Hieroglyphic Egyptian has a feature called "honorific transposition", where certain nouns can be written at the beginning of a noun phrase (regardless of their actual syntactic position) if they're more important than all the other nouns.
For example, one type of priest is called a ħm-nṯr, "servant of the god". Grammatically, in this construction, the "owner" noun (nomen regens) needs to come second, and its Coptic descendant is hont. But since "god" is clearly more important than "servant", it's written orthographically as nṯr-ħm.
This mostly only happens with words relating to deities ("god", "pharaoh", names of gods, etc), but during certain periods it was also common to transpose a father's name in front of a child's name. The scribe who wrote the best-surviving copy of the Shipwrecked Sailor, for example, recorded his name as jmny zꜣ jmnꜥꜣ, literally "Amoni, son of Amona'a" ("owner" noun coming second as above). But depending on the time period, this could instead be read as jmnꜥꜣ zꜣ jmny, "Amona'a, son of Amoni". Google says the papyrus is from the 12th dynasty, so I think it's the latter; transposing the father's name was common in that era.

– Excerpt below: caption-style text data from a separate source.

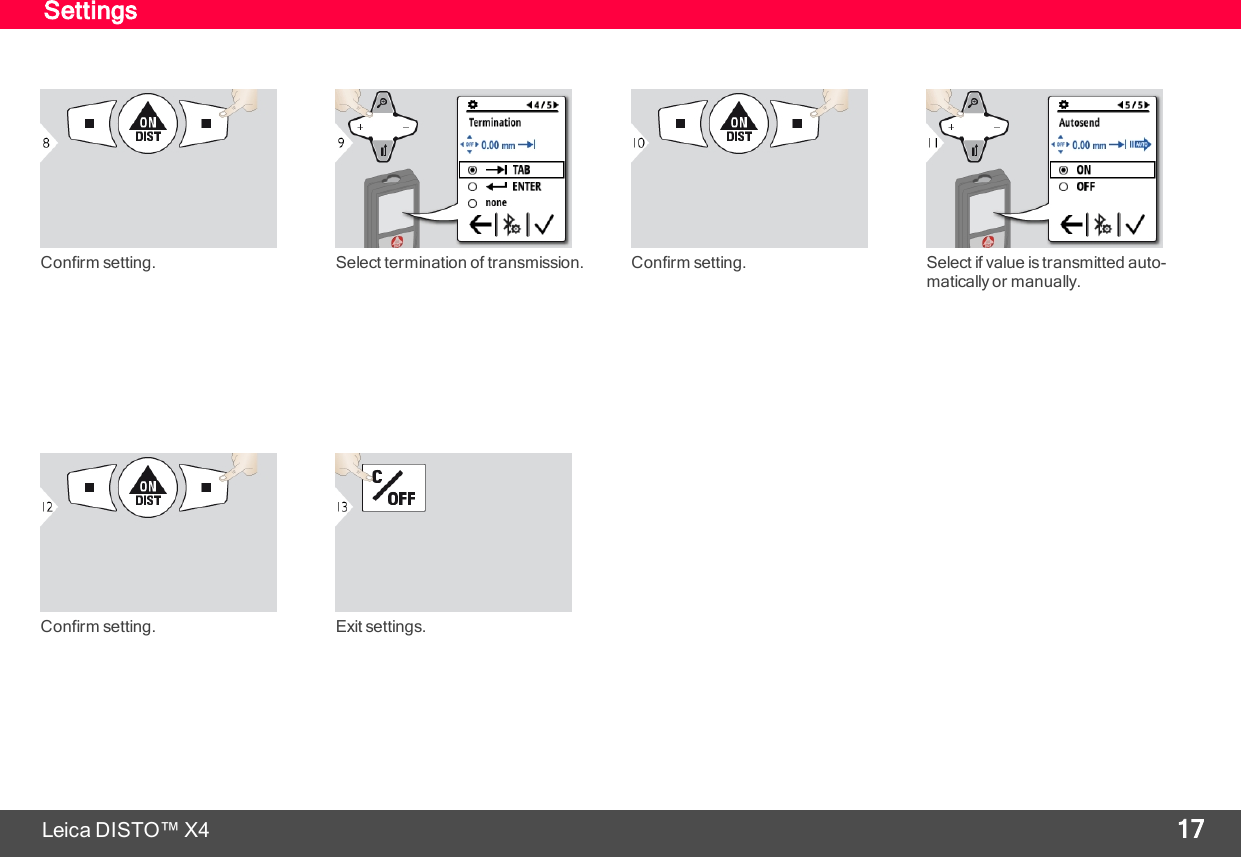 Page 18 of Leica Geosystems CPD LD3BT Laser Distance Meter User Manual My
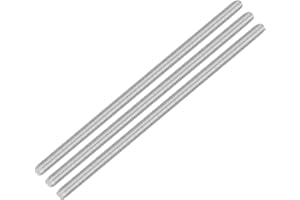 uxcell 3Pcs Fully Threaded Rod, M10 x 250mm 304 Stainless Steel Right Hand Thread Bar Studs M10-1.5 Thread Pitch for Furnitur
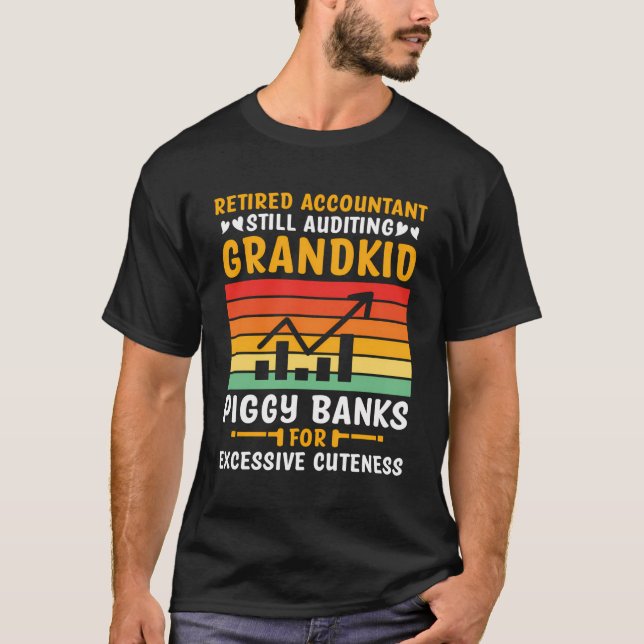 Rente Oma Pensioner Rente Buchhalter Bank T-Shirt (Vorderseite)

There were also sometimes "aesthetic transpositions", where the graphemes were rearranged for purely aesthetic reasons. Variant spellings of the word for "in front of" demonstrate that it should be pronounced ḫft. However, the glyphs for ḫ and t are small, and f is long and flat, so arranging them in this order tends not to look good. Instead, it's most commonly written ḫtf, so that the two small signs can be arranged over the flat one.